▶ [EXERCISE BRIEF]
Starting at the line below that contains "Building Photo - 3406 3rd Ave" and ending at the line that contains "10101 SE 3rd", retype each line exactly as it stands, but omit the pictures.

▶ [RECORD SET]
----------
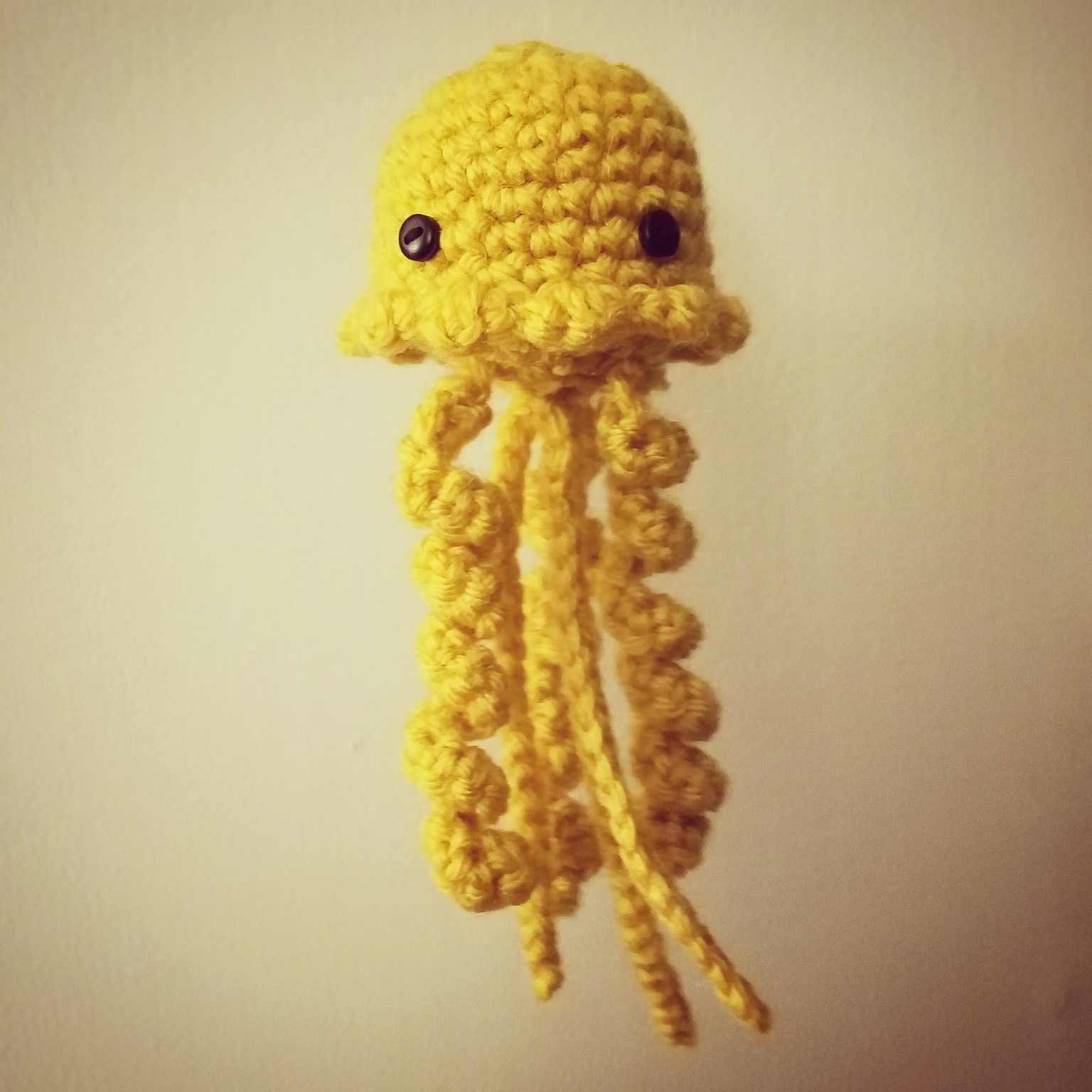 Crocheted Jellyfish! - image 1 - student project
----------
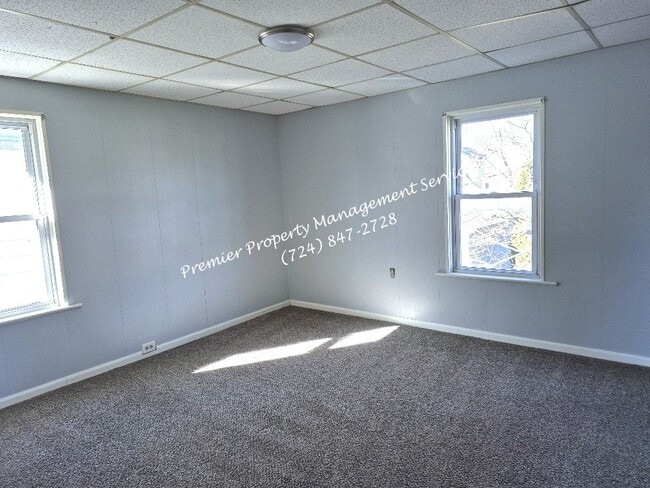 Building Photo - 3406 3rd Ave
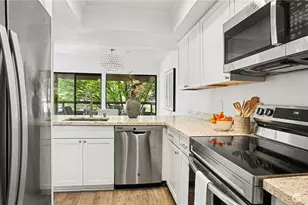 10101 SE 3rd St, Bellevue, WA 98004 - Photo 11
----------
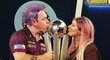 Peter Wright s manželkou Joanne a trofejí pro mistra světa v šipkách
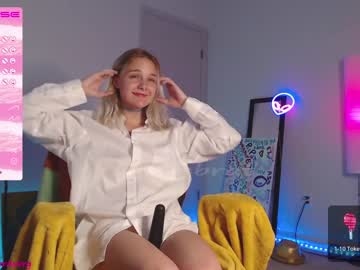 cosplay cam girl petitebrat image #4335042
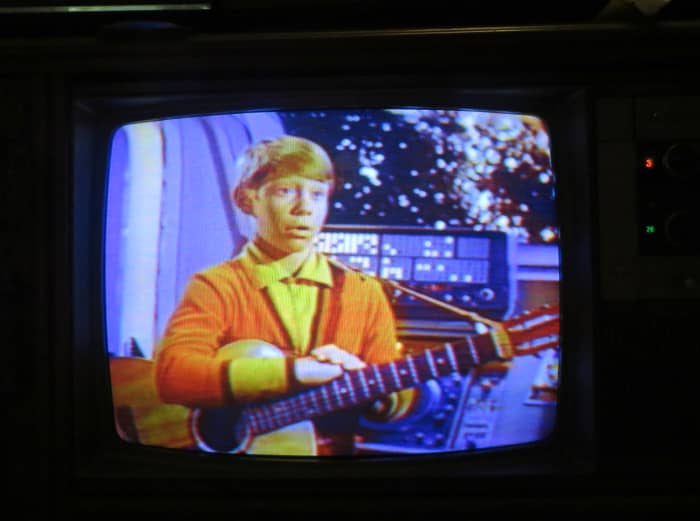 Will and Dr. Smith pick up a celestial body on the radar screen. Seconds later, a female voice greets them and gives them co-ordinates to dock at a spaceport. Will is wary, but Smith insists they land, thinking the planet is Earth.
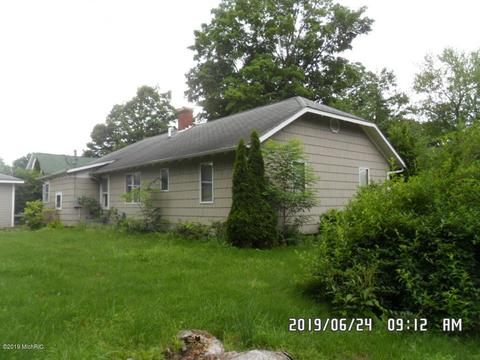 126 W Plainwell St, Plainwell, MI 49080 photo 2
----------
▶ [ANSWER TO THIS PROBLEM]
 Building Photo - 3406 3rd Ave
 10101 SE 3rd St, Bellevue, WA 98004 - Photo 11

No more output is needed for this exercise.